I spent about a decade working as a writer and editor for scientists and public health experts, and much as I liked my immediate colleagues, there was no mistaking the fact that the world of public health in which they swam was one very skewed toward authoritarian and top-down thinking. Kids getting fat? Pass a law, raise a tax, use the schools to stealthily implement the plan, lie to the parents about it. Flossing rates low? Put everyone in prison, etc. There just weren’t many people in health, I found, who worried about impacts on things other than health. That’s fine. That’s their bailiwick. Just don’t give them any political power, not even in a crisis, contrary to what every respectable liberal now tells you.

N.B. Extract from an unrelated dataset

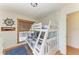 ' bedroom with a white bunk bed and wooden accents, offering a fun and functional space at 2308 Canasta Dr, Bradenton Beach, FL 34217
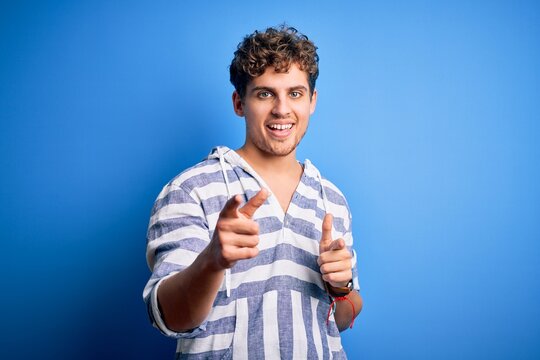 Young blond handsome man with curly hair wearing casual striped sweatshirt pointing fingers to camera with happy and funny face. Good energy and vibes.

It’s tempting to note that even with U.S. COVID deaths purportedly running about 300,000 per year so far, that only makes COVID’s death toll about the size of, say, obesity’s. But what I also learned from my time adjacent public health experts is that if you say something like that, you’re less likely to create calm than to create a clamor to institute as many rules and regulations against fat as we have against COVID.
In the 1990s, a well-meaning free-market think tank sent out a press release joking that if the law cracks down on every addictive drug, maybe we should crack down on coffee. I thought at the time it was a risky rhetorical strategy given how authoritarian people’s intuitions are, and indeed within a few years, some of the same people who had received that press release were pressuring the FDA to study the safety of caffeine intake, a push echoed in more recent years in the calls to regulate energy beverages. (The drug war did not end.)
At some point, learn to stop handing bureaucrats more excuses to tighten the screws on everyone, no matter how benign the controllers’ masks appear.